One footnote: If you go to Jack’s, park in municipal parking behind the store. There is a beautiful, two-story mural on the building’s rear side that pays homage to its long history in Red Bank.
619 Lake Ave.
Asbury Park NJ 07712
From Red Bank, it was a very pleasant, 20-minute drive south to venerable Asbury Park NJ. Once New Jersey’s quintessential beach town, Asbury Park became quite seedy during the 1970s and ’80s. Much of the vista along Route 71—the main drag through town—still has a seedy, down-at-the-heels look. The side blocks nearer the Atlantic Ocean, however, have undergone significant gentrification.
Russo Music sits on one of those upscale blocks, Lake Ave., located, as the name would indicate, across the street from a small lake. Russo is as much an entertainment stop as it is a music store. On the ground level is a pleasant café with an assortment of organic menu items, as well as coffee, beer and wine. It’s worth a visit just to hang out and listen to the musicians who jam in the rehearsal spaces upstairs.
The overall ambience is a bit reminiscent, in fact, of Melkweg Amsterdam, a popular music emporium and discotheque. The cavernous indoor space provides a cool respite for music lovers and tourists alike after a day at the beach.

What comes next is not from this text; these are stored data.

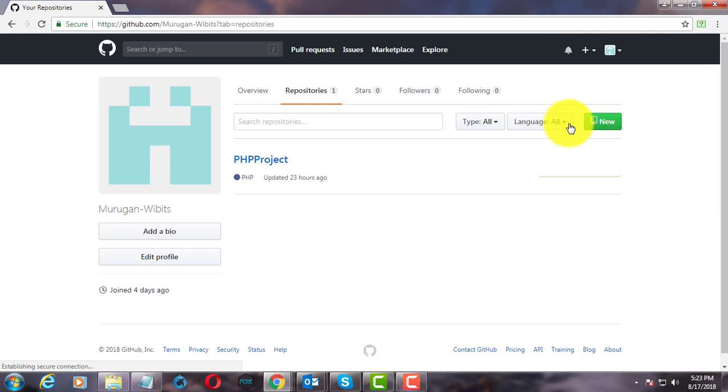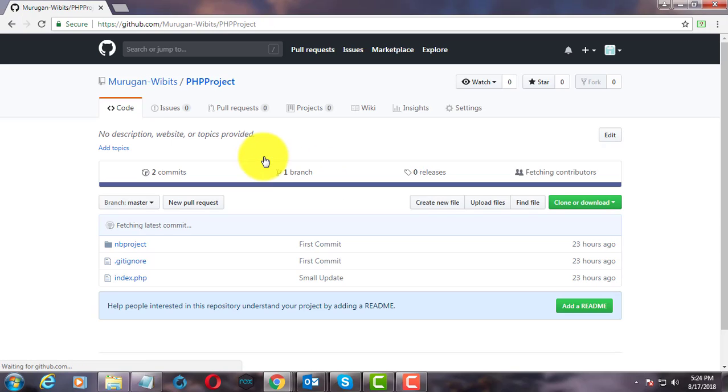Click your repositories. The repository list displays. Click the repository you want to delete.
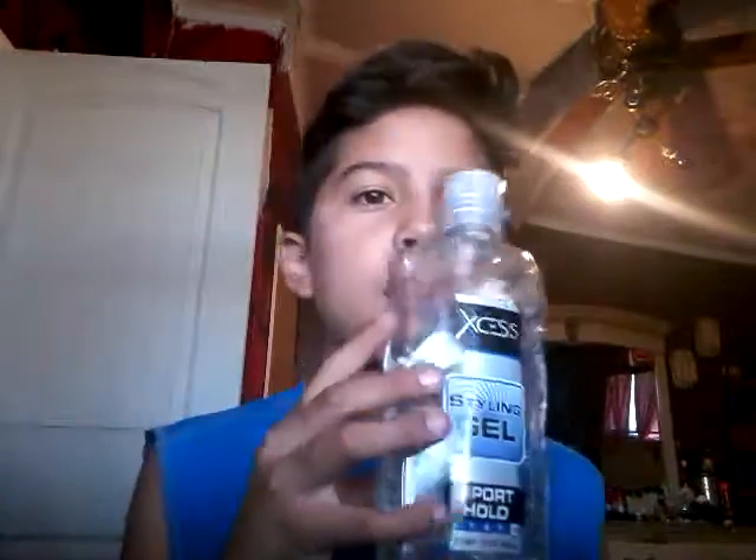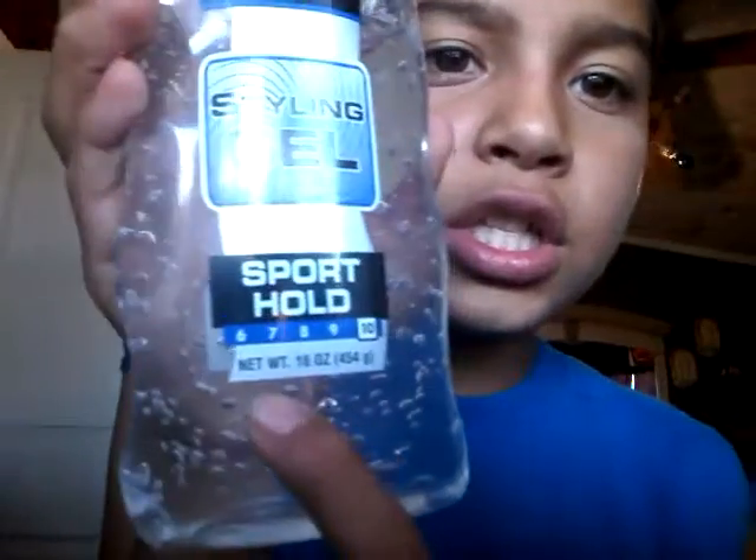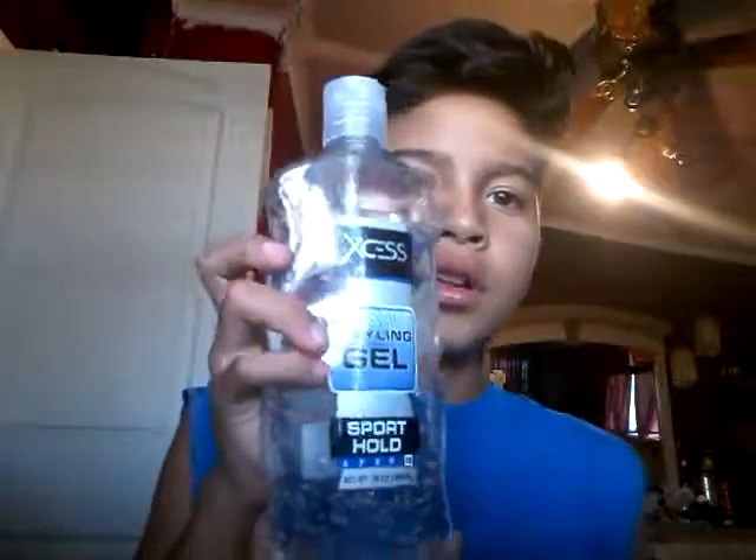I have the stuff — oh, I messed it up. It smells good. I need to open this. It's excess styling gel, sport hold, and it's 16 ounces, 424g. This is the gel. I'm gonna put it right here. You could use whatever you want, and just a little bit of glue.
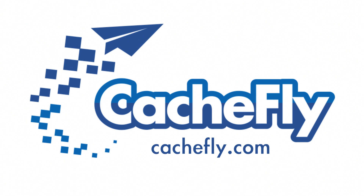Bandwidth for this podcast is brought to you by CacheFly at cacheFly.com.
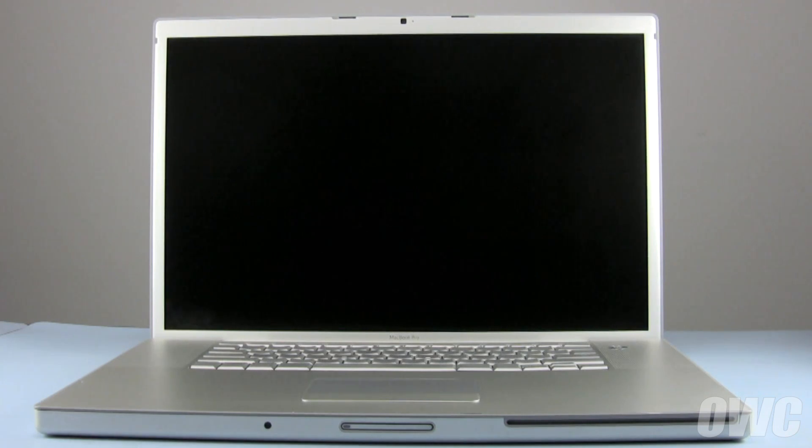Hello and welcome to the OWC instructional series of videos. In this installment, we're going to show you how to upgrade the hard drive in a 2008 and earlier 17-inch MacBook Pro. We've already gathered our materials, have shut down and unplugged the MacBook Pro, and are working on a soft, static-free work surface. We are now ready to begin.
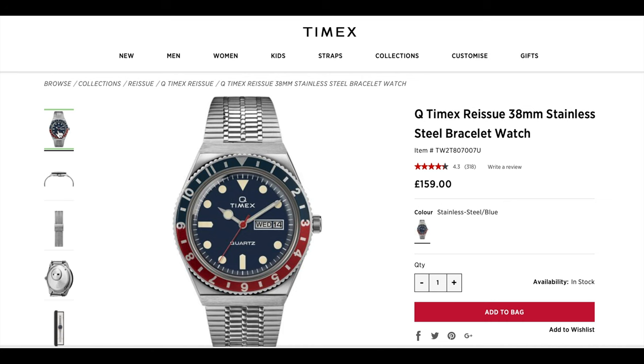Let's get into the video. Hi guys and welcome to Rich Reviews. The original version of the Q Timex was released towards the end of the Quartz Crisis in 1979. The reissue was released last year in 2019. I purchased the reissue and today I'm going to talk to you about how to set the day, date, and time on the new version of the Q Timex, and I'm going to talk to you a little bit about the issues that I had with the initial version that was delivered to me.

When I stepped into the well-appointed musical instrument room, a salesman promptly greeted me and asked how he could help. There began a conversation about student clarinets and the merits of renting versus buying.
The department was big and well stocked. However, the salesman told me, Russo has a much bigger store in Hamilton NJ, next door to Trenton NJ, where it offers a better clarinet selection. Still, he assured me, whatever the Hamilton store has, the Asbury Park store can get quickly.
The man asked me more questions than the previous two stores’ staffers. He wanted to know, for example, where my child attended school. “Ocean Township High School,” I improvised, having recently passed that school when visiting a family member.
“Our new clarinets typically cost in the $850 to $950 range,” he said. “But, the vast majority of our customers rent band instruments.” As with the other stores, Russo Music has a lease-to-own program: A clarinet can be rented for $28 per month. And, apart from the initial $100 deposit, all the payments will be credited toward the final instrument purchase.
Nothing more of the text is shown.